Sayago aún tiene agujetas históricas de Cervantes. Y de Juan del Encina. Y de Lucas Fernández. Y de Lope de Vega. Todos estos señorones de barba y golilla, y alguno más, se burlaron en sus obras del habla sayaguesa, a la que consideraron una malformación del castellano. El sayagués era como un castellano con joroba y labio leporino, vaya.

Un dialecto que, paradójicamente, jamás se habló en Sayago, porque fue un invento de los escritores, una alquimia de palabras rústicas cogidas de aquí y allá y tuneadas con la intención de ridiculizar el habla de los pastores y aldeanos en el teatro, lo cual provocaba las risotadas academicistas y bobaliconas de los señoritos del siglo XV y posteriores centurias.
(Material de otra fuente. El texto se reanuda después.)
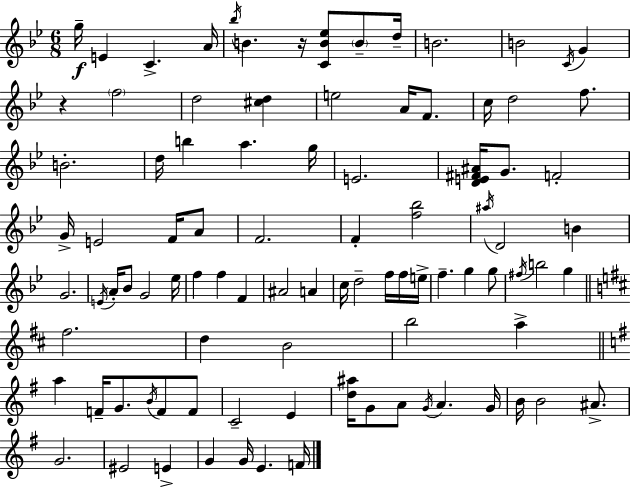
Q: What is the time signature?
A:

Más o menos como cuando Gila salía en la tele disfrazado de personaje de Delibes, con la boina endémica y la chaqueta de barbecho y pana, y monologaba parodiando o exagerando el hablar apretujado y cantarín de los pueblos.

El caso es que, de aquellos polvos, estos lodos. Sayagués, en la cuarta acepción del término que da el diccionario de la RAE, sigue siendo sinónimo de persona tosca y grosera, aunque no sea verdad. De hecho, yo conozco a sayagueses con mucha más elegancia y grandeza de ánimo que todos los grandes de España con todas sus mayúsculas heráldicas en sus currículos de piedra.

Todavía hoy, Sayago, junto con alguna que otra comarca como Sanabria o Aliste, continúa siendo la outsider de la provincia de Zamora, que, a su vez, y por desgracia, es una de las cenicientas del país. Por cierto, ¿hasta cuándo nuestros sublimes políticos piensan seguir ninguneando la España interior?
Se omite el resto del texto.